The Seattle City Council voted Monday to take the first steps toward integrating the monorail into the ORCA pod, and annexing the unincorporated North Highline area, including parts of White Center and Boulevard Park.
The City of Seattle had previously deferred to the City of Burien on annexing the North Highline area, but residents voted down Burien annexation in 2012. The Seattle City Council was enticed to action by a state sales tax incentive program worth $5 million for 10 years, that would expire if the City didn’t take an initial action of intent by the end of the year. Councilmember Tom Rasmussen described the resolution as a “placeholder”, in case the City decided to move forward with annexation. The council passed the resolution 8-0. Annexation doesn’t quite solve the Route 120 problem but it gets us closer. The earliest White Center could vote on being annexed by Seattle would be 2016. White Center Now has more in-depth coverage.
The council also passed the bill containing the substitute version of the monorail concession contract, which was made available Friday, between the City and Seattle Monorail Services, 8-0. Thom Ditty, General Manager of Seattle Monorail Services, proclaimed that the new contract “puts the City in the driver’s seat on the ORCA pass.” Councilmember O’Brien asked the resolution sponsor, Councilmember Tom Rasmussen, whether it was his intent to include transfers and passes in the ORCA integration. Rasmussen repeated his previous refrain that he wanted the fare system to be “as convenient as possible, in all possible ways”.

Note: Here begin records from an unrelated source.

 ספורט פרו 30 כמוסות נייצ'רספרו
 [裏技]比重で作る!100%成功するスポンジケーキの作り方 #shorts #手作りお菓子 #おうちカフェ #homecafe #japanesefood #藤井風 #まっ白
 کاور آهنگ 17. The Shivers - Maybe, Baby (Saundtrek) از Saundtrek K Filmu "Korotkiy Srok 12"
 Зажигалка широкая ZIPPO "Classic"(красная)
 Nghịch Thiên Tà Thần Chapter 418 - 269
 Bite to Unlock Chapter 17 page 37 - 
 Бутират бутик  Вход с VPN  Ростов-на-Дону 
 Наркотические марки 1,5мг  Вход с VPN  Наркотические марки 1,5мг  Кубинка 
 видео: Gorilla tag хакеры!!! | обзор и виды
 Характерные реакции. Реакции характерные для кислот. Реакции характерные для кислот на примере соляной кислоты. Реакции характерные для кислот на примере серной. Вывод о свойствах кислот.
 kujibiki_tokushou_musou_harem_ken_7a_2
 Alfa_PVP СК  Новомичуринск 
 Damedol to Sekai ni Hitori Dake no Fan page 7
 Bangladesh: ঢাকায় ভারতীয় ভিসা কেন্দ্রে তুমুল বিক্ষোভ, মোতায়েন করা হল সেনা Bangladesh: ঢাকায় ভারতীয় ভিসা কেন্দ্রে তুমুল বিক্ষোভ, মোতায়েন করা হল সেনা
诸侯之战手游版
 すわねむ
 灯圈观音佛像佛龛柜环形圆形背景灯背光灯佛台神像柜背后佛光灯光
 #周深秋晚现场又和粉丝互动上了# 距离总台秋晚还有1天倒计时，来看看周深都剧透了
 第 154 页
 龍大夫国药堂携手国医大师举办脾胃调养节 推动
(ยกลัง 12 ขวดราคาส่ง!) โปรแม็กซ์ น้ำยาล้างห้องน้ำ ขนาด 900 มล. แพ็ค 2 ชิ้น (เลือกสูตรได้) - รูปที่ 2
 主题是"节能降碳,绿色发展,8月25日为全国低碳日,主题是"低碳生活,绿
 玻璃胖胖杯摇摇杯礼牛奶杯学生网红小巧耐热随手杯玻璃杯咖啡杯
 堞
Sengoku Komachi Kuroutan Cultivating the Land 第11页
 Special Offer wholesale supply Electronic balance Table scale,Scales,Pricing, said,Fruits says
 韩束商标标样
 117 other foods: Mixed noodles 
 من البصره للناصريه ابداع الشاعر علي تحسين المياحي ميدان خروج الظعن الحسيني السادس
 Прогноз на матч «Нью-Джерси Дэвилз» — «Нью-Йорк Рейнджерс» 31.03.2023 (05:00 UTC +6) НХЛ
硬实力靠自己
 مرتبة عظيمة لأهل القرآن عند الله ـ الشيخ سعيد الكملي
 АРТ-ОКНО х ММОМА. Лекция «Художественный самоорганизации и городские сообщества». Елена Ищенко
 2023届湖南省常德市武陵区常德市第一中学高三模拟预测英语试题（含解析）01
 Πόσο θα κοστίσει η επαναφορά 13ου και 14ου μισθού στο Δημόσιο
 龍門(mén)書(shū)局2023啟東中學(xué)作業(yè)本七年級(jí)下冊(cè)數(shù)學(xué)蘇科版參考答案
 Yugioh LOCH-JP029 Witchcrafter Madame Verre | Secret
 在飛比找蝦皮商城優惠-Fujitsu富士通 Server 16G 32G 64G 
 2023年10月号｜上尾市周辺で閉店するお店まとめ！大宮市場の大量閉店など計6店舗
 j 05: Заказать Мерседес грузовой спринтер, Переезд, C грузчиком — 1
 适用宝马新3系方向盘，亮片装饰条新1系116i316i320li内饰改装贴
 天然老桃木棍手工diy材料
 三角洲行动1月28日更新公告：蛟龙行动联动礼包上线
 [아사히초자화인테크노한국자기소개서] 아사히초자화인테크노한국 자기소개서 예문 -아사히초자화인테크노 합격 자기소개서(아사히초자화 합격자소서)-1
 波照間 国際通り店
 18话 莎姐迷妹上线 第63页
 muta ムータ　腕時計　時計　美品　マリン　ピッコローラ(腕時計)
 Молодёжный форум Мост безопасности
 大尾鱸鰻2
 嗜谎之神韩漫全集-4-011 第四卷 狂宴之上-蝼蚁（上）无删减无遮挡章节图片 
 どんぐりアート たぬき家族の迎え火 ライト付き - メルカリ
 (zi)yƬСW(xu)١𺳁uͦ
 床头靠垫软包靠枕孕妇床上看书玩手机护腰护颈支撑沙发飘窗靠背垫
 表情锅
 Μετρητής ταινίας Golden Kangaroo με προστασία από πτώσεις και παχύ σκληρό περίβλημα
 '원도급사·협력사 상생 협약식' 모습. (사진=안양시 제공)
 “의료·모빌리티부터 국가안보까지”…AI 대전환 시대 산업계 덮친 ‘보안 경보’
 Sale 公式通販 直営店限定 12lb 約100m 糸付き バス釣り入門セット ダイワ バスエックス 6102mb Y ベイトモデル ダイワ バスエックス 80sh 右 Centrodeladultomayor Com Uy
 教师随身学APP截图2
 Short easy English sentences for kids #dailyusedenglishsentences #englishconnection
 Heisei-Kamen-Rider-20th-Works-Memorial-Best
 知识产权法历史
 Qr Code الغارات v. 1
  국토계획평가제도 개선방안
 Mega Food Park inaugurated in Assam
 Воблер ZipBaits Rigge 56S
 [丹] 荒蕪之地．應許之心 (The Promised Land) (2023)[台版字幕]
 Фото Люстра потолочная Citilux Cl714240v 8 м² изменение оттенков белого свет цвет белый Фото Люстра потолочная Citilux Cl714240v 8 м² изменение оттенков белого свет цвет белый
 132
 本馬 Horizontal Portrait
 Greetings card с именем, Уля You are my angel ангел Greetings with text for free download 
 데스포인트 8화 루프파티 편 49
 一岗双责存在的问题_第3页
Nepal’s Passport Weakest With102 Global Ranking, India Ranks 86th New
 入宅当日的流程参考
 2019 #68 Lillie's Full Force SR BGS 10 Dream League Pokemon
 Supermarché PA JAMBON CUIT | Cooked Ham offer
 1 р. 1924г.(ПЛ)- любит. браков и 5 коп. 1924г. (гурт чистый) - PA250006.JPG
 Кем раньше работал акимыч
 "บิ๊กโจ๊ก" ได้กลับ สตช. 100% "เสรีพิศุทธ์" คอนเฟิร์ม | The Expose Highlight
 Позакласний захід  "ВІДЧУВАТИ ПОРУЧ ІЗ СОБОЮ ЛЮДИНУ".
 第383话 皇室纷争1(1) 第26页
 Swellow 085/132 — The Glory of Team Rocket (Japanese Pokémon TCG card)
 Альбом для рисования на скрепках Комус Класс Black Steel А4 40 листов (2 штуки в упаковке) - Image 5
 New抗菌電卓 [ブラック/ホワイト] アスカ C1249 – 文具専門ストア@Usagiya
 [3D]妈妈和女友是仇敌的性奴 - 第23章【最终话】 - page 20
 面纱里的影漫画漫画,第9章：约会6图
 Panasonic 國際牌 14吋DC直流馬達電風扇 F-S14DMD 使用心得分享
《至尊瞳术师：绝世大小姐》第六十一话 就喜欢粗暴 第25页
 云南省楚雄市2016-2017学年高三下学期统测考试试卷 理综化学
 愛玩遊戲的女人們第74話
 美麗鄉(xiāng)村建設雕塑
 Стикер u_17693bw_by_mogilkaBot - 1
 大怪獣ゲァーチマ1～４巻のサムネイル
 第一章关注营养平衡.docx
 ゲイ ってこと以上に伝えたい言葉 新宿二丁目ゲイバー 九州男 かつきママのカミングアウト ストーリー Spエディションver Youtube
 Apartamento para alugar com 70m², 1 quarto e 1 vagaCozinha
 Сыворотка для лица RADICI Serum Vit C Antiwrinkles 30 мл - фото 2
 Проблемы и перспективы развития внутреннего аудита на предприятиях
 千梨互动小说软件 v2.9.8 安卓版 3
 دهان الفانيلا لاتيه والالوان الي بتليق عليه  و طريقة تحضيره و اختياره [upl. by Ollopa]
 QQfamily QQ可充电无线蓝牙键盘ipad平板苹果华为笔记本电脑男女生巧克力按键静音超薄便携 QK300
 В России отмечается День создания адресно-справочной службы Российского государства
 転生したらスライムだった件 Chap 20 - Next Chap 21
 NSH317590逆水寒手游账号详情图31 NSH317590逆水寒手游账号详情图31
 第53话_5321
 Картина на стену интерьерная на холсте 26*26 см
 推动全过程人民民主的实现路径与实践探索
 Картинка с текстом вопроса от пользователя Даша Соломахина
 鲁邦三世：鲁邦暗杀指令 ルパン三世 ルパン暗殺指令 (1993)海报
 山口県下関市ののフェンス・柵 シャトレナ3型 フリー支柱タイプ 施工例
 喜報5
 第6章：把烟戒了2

Rasmussen explained why the study called for in the resolution wouldn’t be due until the end of the second quarter in 2015: The monorail needs a sponsor among the seven member agencies of the ORCA Joint Board, and the support of the rest, in order to participate as an affiliate.
The section added Friday in the contract contains a fallback plan in case the study shows fare integration to be a money loser for Seattle Monorail Services: The City and SMS can negotiate mitigation, and if negotiations fail that terminates the contract.
In a final charm offensive, the SMS team had in tow Kelly Pearson, Chief Development Officer of Wellspring Family Services, who lauded SMS for being Wellspring’s charitable partner for the past two years, increasing Give Big Campaign donations by 45%.
Regarding the last-minute effort to get ORCA into the contract, Ditty said, “I’m glad it happened. I expect both ridership and revenue will increase.”